En la matière, nous avons été frappés par les écarts de coût très importants entre les différents départements : les transports sanitaires représentent 78 euros par habitant dans les Bouches-du-Rhône, mais seulement une vingtaine d'euros dans certains départements. Contrairement à ce que nous attendions, les départements où la dépense par habitant est la plus forte ne sont pas nécessairement les plus isolés et ruraux.
J'attire votre attention aussi sur l'invraisemblable complexité de la réglementation : 140 hypothèses doivent être balayées pour déterminer si l'assuré social doit ou non bénéficier d'une exonération de ticket modérateur...
Nous proposons de renforcer la médicalisation de ces transports, de veiller à ce que la prise en charge soit le plus souvent justifiée médicalement et de renforcer la régulation à l'égard de l'ensemble des transports concernés, y compris les taxis, dont la « part de marché » a très fortement augmenté. Si des initiatives très récentes marquent une première inflexion, il faut aller plus loin.
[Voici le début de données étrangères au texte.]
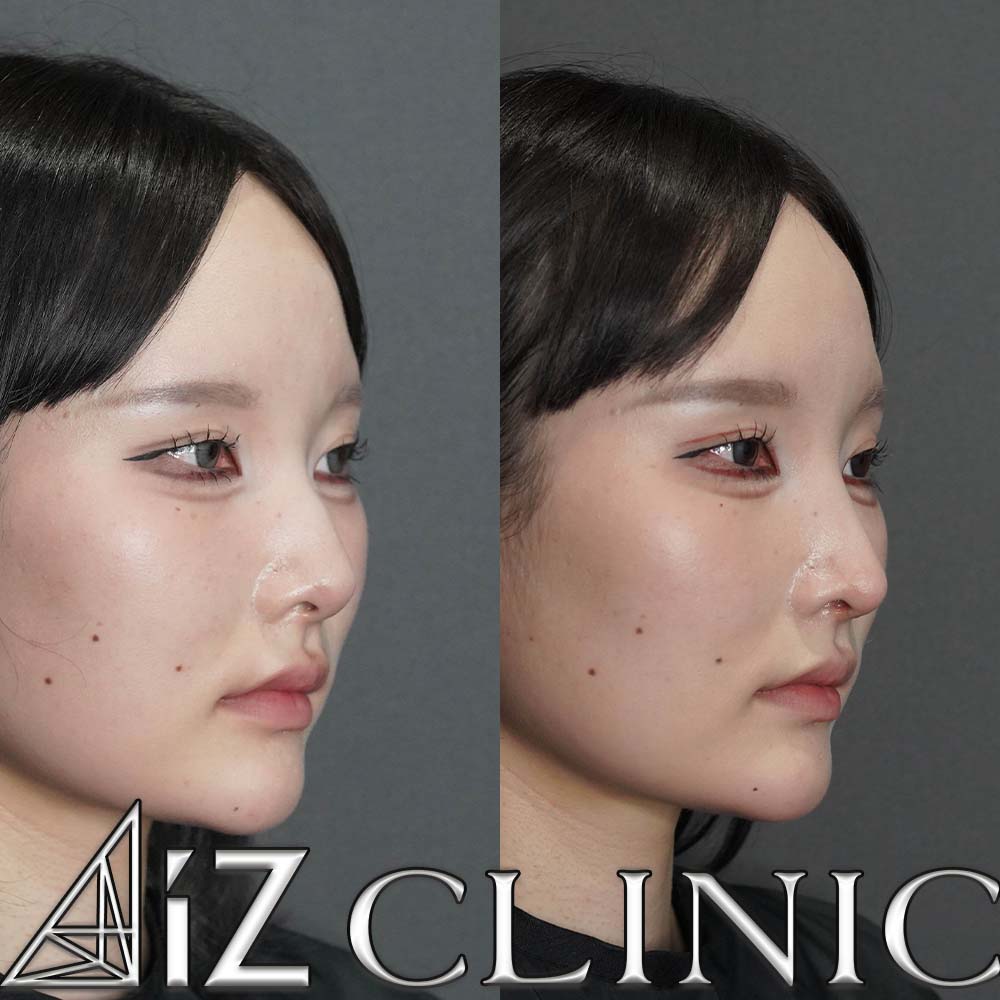 鷲鼻修正の一例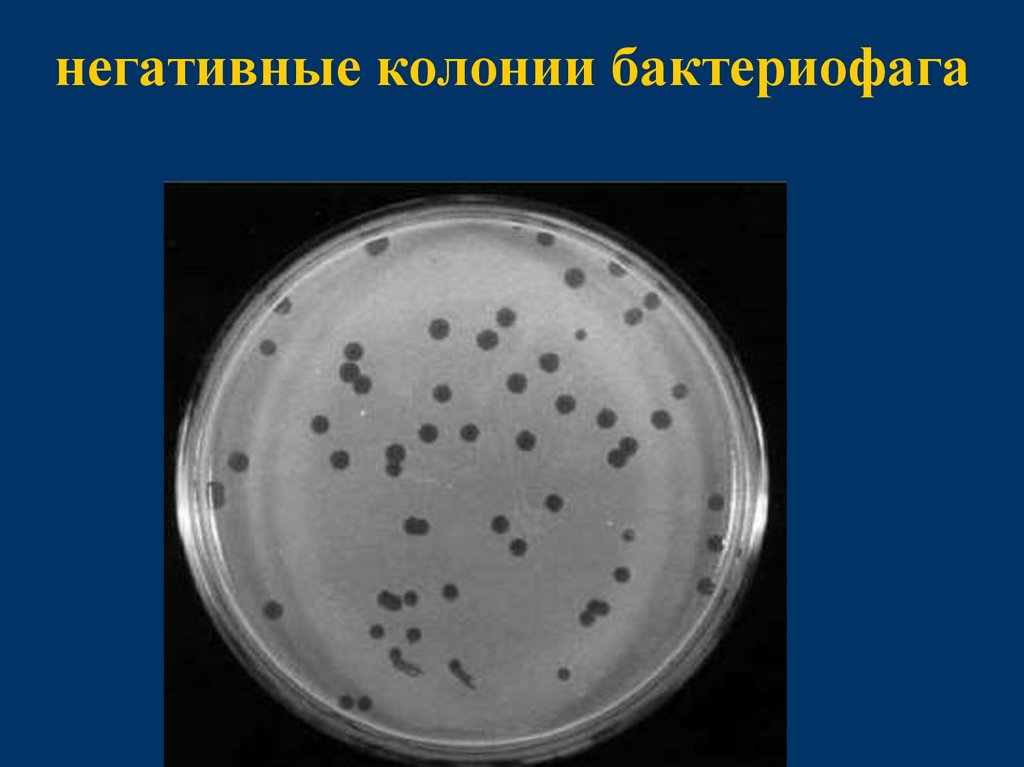 негативные колонии бактериофага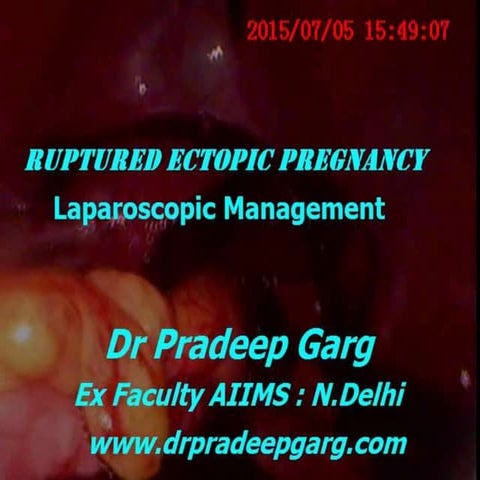 Ruptured Ectopic Pregnancy; Laparoscopic management: Dr Pradeep Garg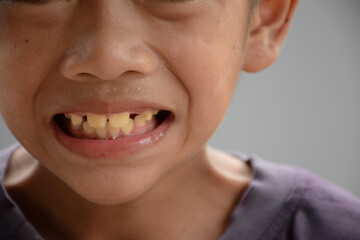 Asian young boy smiling and showing yellow teeth or dental fluorosis and gapped teeth or diastema concept of medical and dentistry for oral health care.
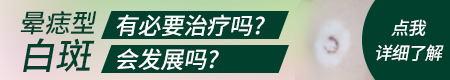 晕痣型白癜风可以治愈吗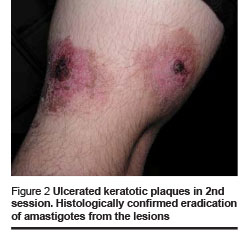 Figure 2 Ulcerated keratotic plaques in 2nd session. Histologically confirmed eradication of amastigotes from the lesions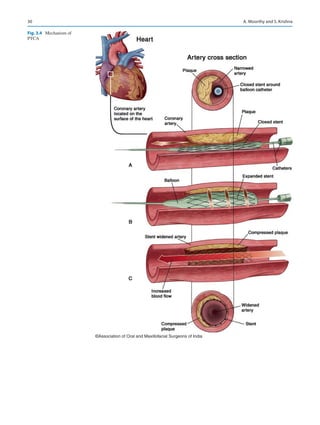 30
©Association of Oral and Maxillofacial Surgeons of India
Fig. 3.4  Mechanism of
PTCA
A. Moorthy and S. Krishna
 
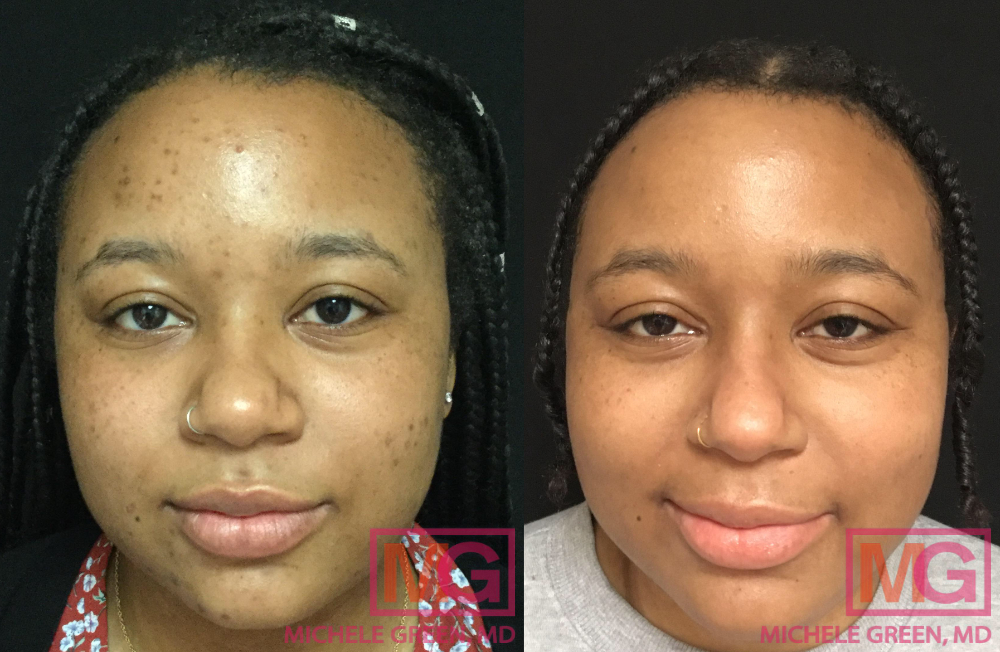 28 yr old f before after Accutane and dark acne spot treatment 7 months MGWatermark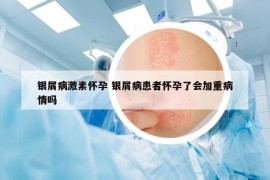 銀屑病激素懷孕 銀屑病患者懷孕了會加重病情嗎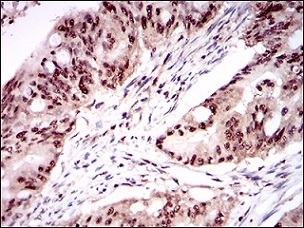 Immunohistochemistry (Formalin/PFA-fixed paraffin-embedded sections) - Anti-OC-3 antibody [10B2F5] (AB181450), expandable thumbnail
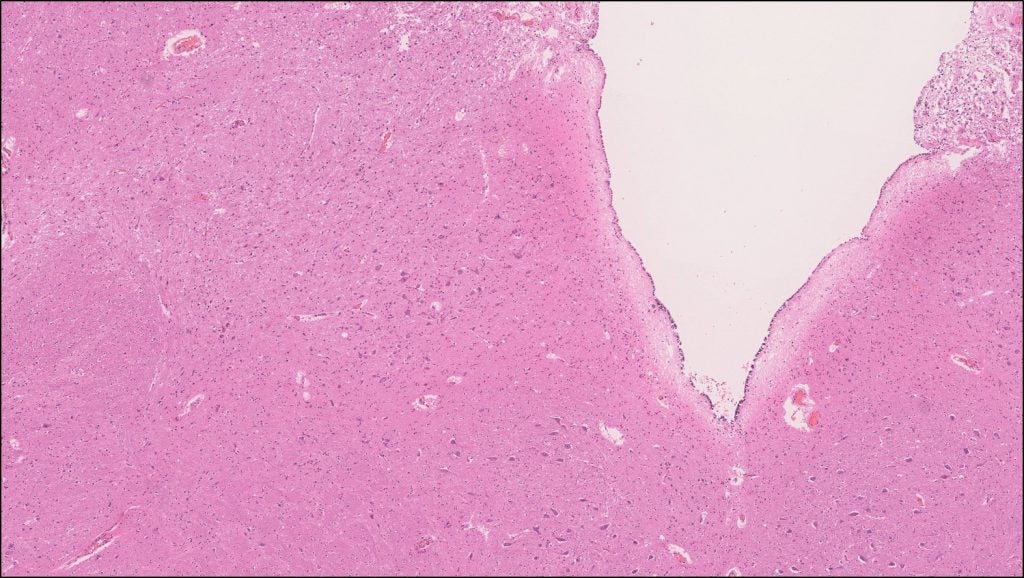 Brain – Medulla – NUS Pathweb :: NUS Pathweb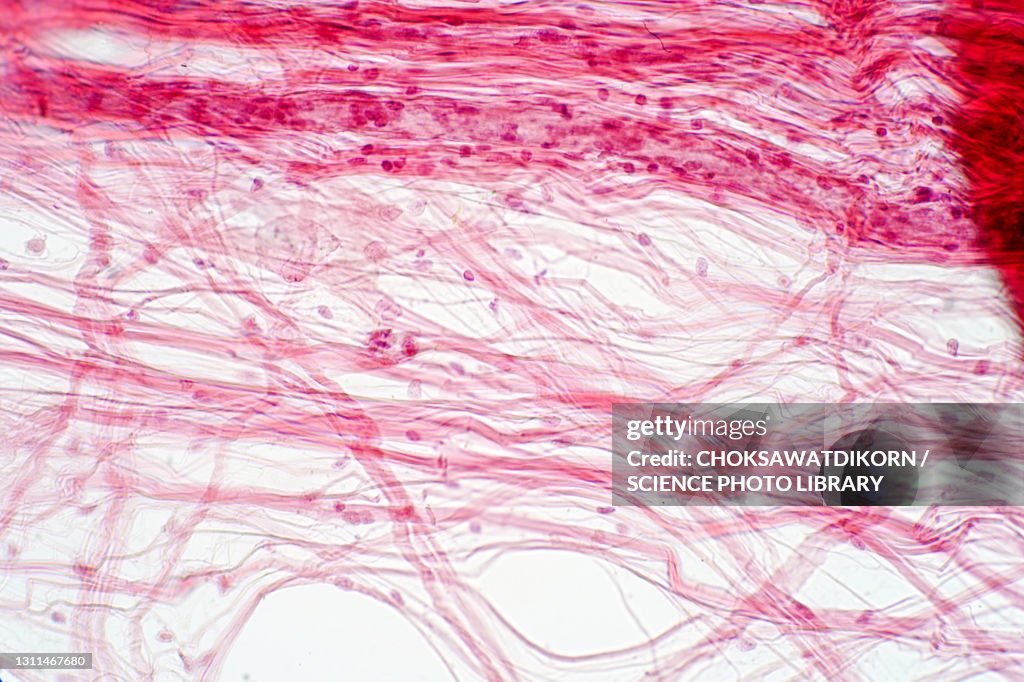 Areolar connective tissue, light micrograph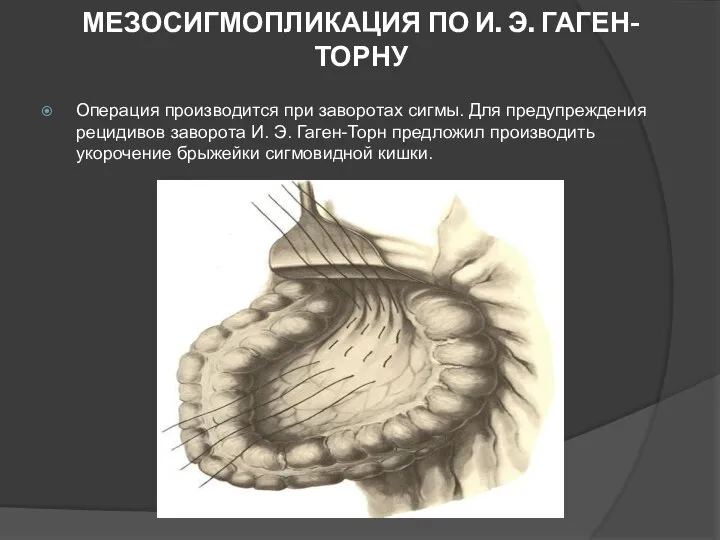 МЕЗОСИГМОПЛИКАЦИЯ ПО И. Э. ГАГЕН-ТОРНУ Операция производится при заворотах сигмы. Для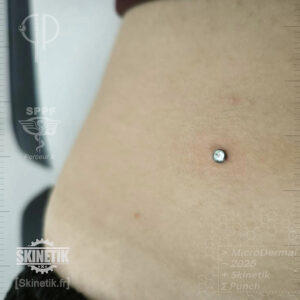Implant microdermal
S'agissant du congé de longue maladie fractionné dont a parlé Mme Deroche, nous ne l'aurions pas spontanément proposé, puisqu'il s'agit d'une dépense supplémentaire, mais il s'inscrit parfaitement dans la logique de notre rapport : en matière d'indemnités journalières pour congés de longue durée, nous suggérons plus d'accompagnement, plus de souplesse et un maintien des liens avec l'emploi, chaque fois que c'est possible.
À la souplesse que nous souhaitons pour les congés de longue durée répond la fermeté que nous préconisons pour les congés courts, qui désorganisent assez gravement entreprises et administrations, avec l'idée d'un jour de carence d'ordre public.
Madame Doineau, nous n'avons pas spécifiquement approfondi l'examen des 350 millions d'euros d'irrégularités de déclaration, mais nous pensons qu'il s'agit, pour l'essentiel, d'erreurs. Les systèmes d'allégements ont été très fortement modifiés à plusieurs reprises, ce qui est source d'erreurs. On peut imaginer qu'il y en aura moins si le système se stabilise, compte tenu du basculement du CICE vers les allégements de charges. Il importe néanmoins que l'Acoss maintienne la pression sur les contrôles d'assiette, qui permettent de s'assurer de la fiabilité des déclarations.
S'agissant de l'évaluation des allègements de charges, un constat au moins se dégage clairement : l'effet sur l'emploi est maximal au voisinage du Smic, voire un peu au-delà, jusqu'à 1,5 Smic, et moindre dans les tranches hautes de revenus.
S'agissant des retraites, monsieur Savary, nous avons effectivement été frappés par la proportion de départs anticipés - un sur deux, contre un sur trois voilà cinq ans. C'est le résultat des sept dispositifs étudiés dans notre rapport, dont le dispositif des carrières longues et celui des catégories actives dans la fonction publique. Compte tenu des souplesses accordées au fil du temps, l'âge moyen de départ en retraite dans notre pays s'accroît très lentement : on a pris à peine une année en dix ans. Cela étant, la proportion de un sur deux a vocation à baisser dans les années à venir, à condition que le dispositif des carrières longues reste stable dans ses paramètres.
À la demande de l'Assemblée nationale, nous avons travaillé sur les régimes spéciaux de retraite. Notre constat d'ensemble est que les situations de départ en retraite dans notre pays sont très hétérogènes, ce qui est un élément de complexité quand on amorce une réforme visant une égalité, une équité et une simplicité plus grandes.